■ SUPPLIED RECORDS ■
______________________________
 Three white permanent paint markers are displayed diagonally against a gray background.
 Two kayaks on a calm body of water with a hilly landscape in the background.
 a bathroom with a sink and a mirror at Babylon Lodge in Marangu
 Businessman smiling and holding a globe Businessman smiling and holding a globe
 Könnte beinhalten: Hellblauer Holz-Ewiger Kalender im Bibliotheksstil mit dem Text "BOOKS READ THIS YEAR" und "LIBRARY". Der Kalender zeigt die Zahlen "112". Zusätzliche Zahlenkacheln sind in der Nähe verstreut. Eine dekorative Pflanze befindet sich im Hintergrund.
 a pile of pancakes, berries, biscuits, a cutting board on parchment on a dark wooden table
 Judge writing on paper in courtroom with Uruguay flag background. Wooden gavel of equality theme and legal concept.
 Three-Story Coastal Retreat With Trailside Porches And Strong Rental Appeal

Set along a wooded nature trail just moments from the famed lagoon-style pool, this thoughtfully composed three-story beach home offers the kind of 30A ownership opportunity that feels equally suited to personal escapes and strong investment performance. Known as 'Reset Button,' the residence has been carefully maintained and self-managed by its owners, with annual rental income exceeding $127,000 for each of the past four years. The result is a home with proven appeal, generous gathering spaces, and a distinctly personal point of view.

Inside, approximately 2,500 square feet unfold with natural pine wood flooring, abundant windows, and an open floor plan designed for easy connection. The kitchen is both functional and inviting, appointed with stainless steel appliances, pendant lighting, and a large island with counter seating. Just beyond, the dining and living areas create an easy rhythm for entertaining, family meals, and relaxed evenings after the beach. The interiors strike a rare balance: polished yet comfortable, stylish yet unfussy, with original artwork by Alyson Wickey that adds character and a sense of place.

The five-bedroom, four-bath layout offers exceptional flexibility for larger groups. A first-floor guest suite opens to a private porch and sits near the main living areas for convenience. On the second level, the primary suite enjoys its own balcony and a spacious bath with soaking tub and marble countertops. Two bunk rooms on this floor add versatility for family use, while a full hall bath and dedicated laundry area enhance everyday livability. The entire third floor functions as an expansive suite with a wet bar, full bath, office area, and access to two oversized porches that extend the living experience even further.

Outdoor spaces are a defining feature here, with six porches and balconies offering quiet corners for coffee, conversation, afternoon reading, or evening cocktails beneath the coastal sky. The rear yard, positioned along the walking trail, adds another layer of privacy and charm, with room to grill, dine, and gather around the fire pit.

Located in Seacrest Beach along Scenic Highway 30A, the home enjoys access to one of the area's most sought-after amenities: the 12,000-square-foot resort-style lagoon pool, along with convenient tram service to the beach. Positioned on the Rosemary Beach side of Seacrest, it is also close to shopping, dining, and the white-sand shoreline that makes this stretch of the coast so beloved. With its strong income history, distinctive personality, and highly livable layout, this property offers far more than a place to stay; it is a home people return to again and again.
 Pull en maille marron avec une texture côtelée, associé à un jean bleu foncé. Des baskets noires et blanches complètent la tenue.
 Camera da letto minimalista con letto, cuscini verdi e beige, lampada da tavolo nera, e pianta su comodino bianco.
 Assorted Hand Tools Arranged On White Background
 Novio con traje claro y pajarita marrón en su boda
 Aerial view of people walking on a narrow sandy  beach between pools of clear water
______________________________
■ ASSIGNED TASK ■
Would you repeat all of the data above, word for word?

■ TASK OUTPUT ■
 Three white permanent paint markers are displayed diagonally against a gray background.
 Two kayaks on a calm body of water with a hilly landscape in the background.
 a bathroom with a sink and a mirror at Babylon Lodge in Marangu
 Businessman smiling and holding a globe Businessman smiling and holding a globe
 Könnte beinhalten: Hellblauer Holz-Ewiger Kalender im Bibliotheksstil mit dem Text "BOOKS READ THIS YEAR" und "LIBRARY". Der Kalender zeigt die Zahlen "112". Zusätzliche Zahlenkacheln sind in der Nähe verstreut. Eine dekorative Pflanze befindet sich im Hintergrund.
 a pile of pancakes, berries, biscuits, a cutting board on parchment on a dark wooden table
 Judge writing on paper in courtroom with Uruguay flag background. Wooden gavel of equality theme and legal concept.
 Three-Story Coastal Retreat With Trailside Porches And Strong Rental Appeal

Set along a wooded nature trail just moments from the famed lagoon-style pool, this thoughtfully composed three-story beach home offers the kind of 30A ownership opportunity that feels equally suited to personal escapes and strong investment performance. Known as 'Reset Button,' the residence has been carefully maintained and self-managed by its owners, with annual rental income exceeding $127,000 for each of the past four years. The result is a home with proven appeal, generous gathering spaces, and a distinctly personal point of view.

Inside, approximately 2,500 square feet unfold with natural pine wood flooring, abundant windows, and an open floor plan designed for easy connection. The kitchen is both functional and inviting, appointed with stainless steel appliances, pendant lighting, and a large island with counter seating. Just beyond, the dining and living areas create an easy rhythm for entertaining, family meals, and relaxed evenings after the beach. The interiors strike a rare balance: polished yet comfortable, stylish yet unfussy, with original artwork by Alyson Wickey that adds character and a sense of place.

The five-bedroom, four-bath layout offers exceptional flexibility for larger groups. A first-floor guest suite opens to a private porch and sits near the main living areas for convenience. On the second level, the primary suite enjoys its own balcony and a spacious bath with soaking tub and marble countertops. Two bunk rooms on this floor add versatility for family use, while a full hall bath and dedicated laundry area enhance everyday livability. The entire third floor functions as an expansive suite with a wet bar, full bath, office area, and access to two oversized porches that extend the living experience even further.

Outdoor spaces are a defining feature here, with six porches and balconies offering quiet corners for coffee, conversation, afternoon reading, or evening cocktails beneath the coastal sky. The rear yard, positioned along the walking trail, adds another layer of privacy and charm, with room to grill, dine, and gather around the fire pit.

Located in Seacrest Beach along Scenic Highway 30A, the home enjoys access to one of the area's most sought-after amenities: the 12,000-square-foot resort-style lagoon pool, along with convenient tram service to the beach. Positioned on the Rosemary Beach side of Seacrest, it is also close to shopping, dining, and the white-sand shoreline that makes this stretch of the coast so beloved. With its strong income history, distinctive personality, and highly livable layout, this property offers far more than a place to stay; it is a home people return to again and again.
 Pull en maille marron avec une texture côtelée, associé à un jean bleu foncé. Des baskets noires et blanches complètent la tenue.
 Camera da letto minimalista con letto, cuscini verdi e beige, lampada da tavolo nera, e pianta su comodino bianco.
 Assorted Hand Tools Arranged On White Background
 Novio con traje claro y pajarita marrón en su boda
 Aerial view of people walking on a narrow sandy  beach between pools of clear water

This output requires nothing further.